Goal of the exercise:
Only the lines below starting at the one containing "Welcome to this" and ending at the one containing "711 Verandah Dr, Hanover" belong in the answer, each copied exactly.

:: Exercise materials ::

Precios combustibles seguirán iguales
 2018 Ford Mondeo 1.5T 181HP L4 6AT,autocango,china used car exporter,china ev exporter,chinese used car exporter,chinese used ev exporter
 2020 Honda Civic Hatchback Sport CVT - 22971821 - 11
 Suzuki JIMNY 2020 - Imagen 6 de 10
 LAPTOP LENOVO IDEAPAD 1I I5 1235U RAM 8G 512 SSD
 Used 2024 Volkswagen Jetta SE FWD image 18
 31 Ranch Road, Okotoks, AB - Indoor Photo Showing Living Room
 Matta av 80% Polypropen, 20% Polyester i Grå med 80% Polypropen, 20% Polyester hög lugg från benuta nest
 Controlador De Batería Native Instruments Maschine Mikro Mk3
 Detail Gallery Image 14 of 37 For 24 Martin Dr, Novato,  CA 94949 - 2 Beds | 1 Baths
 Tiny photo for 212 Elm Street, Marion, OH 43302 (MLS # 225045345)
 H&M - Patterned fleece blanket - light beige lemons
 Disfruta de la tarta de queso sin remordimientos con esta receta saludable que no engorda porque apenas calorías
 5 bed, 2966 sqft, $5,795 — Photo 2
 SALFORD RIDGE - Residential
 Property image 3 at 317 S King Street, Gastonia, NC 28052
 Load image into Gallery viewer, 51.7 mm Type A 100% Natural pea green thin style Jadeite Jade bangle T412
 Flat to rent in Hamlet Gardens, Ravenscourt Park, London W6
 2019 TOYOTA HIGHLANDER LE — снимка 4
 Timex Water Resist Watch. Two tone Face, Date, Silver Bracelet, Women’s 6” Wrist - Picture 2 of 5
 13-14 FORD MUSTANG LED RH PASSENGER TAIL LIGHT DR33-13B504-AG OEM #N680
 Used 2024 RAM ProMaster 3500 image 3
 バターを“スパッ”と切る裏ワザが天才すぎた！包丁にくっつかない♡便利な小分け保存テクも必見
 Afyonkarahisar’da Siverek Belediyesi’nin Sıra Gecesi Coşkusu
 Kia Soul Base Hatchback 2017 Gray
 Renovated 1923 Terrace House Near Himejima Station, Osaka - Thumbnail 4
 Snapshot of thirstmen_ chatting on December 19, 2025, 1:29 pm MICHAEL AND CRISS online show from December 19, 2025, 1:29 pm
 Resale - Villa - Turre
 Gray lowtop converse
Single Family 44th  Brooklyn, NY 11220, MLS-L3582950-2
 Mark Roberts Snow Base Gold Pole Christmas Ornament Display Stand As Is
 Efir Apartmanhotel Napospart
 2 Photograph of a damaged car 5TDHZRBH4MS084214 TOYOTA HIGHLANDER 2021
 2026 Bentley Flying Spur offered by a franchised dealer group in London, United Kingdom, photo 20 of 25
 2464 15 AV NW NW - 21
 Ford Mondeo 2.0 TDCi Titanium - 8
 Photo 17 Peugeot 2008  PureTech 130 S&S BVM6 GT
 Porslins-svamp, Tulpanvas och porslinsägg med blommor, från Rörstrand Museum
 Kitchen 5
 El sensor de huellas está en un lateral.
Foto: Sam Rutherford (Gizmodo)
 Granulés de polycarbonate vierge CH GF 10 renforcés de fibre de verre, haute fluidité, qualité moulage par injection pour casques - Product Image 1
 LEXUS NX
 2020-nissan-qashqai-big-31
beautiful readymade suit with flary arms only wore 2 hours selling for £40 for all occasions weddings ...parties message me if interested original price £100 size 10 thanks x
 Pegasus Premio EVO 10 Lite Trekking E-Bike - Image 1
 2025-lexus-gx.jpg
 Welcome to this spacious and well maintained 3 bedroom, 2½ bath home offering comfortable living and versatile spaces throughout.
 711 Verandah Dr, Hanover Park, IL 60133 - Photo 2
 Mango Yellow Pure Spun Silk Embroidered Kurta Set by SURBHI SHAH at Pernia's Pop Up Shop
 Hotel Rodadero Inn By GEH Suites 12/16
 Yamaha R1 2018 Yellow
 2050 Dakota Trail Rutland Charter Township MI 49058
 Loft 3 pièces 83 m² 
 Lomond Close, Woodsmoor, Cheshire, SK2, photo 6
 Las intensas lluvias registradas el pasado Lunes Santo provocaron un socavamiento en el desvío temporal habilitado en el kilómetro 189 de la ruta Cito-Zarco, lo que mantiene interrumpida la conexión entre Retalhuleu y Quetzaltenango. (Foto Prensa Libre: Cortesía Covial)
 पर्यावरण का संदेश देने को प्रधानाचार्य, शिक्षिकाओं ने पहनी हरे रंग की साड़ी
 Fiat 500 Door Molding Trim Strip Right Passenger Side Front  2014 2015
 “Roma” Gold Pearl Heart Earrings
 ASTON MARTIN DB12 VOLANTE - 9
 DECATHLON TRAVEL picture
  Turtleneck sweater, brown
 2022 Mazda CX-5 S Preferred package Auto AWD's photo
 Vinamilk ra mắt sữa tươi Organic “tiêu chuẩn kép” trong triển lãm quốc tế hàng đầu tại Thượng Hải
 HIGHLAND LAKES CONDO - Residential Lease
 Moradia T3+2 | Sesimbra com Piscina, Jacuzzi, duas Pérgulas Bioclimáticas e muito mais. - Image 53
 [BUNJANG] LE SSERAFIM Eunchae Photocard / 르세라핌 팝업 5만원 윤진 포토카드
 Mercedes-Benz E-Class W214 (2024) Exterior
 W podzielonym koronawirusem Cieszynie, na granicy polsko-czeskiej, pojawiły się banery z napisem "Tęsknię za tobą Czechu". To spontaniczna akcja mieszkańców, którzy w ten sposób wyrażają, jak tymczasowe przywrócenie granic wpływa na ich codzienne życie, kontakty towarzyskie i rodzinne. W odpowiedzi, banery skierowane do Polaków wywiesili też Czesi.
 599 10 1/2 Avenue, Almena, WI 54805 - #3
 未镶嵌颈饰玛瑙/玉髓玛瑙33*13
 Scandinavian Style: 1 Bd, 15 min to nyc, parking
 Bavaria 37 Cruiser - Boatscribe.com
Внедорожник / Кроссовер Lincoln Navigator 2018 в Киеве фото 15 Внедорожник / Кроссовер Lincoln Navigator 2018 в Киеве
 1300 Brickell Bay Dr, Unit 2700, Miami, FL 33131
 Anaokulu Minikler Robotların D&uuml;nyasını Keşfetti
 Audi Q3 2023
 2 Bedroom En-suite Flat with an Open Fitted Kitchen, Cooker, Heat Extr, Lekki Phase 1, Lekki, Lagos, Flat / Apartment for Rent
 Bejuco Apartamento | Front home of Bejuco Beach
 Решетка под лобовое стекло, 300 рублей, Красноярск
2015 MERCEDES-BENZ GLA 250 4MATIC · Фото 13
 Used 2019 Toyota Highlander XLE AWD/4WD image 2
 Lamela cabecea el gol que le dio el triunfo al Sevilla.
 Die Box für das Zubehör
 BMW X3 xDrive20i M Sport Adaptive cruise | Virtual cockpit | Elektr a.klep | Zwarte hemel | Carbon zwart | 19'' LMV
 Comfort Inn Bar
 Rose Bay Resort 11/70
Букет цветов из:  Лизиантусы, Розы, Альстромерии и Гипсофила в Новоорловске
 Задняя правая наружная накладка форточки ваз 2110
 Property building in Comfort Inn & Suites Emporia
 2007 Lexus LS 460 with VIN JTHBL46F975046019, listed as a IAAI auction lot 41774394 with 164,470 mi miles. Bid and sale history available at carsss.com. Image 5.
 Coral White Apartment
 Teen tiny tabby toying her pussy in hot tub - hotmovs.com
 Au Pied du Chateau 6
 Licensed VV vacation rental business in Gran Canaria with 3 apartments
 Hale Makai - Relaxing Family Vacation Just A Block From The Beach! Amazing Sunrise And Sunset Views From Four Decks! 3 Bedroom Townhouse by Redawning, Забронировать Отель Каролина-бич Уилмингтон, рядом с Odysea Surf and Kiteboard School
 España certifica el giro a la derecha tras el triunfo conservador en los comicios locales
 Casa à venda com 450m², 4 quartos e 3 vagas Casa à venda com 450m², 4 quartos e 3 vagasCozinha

:::

Solution to this problem:
 Welcome to this spacious and well maintained 3 bedroom, 2½ bath home offering comfortable living and versatile spaces throughout.
 711 Verandah Dr, Hanover Park, IL 60133 - Photo 2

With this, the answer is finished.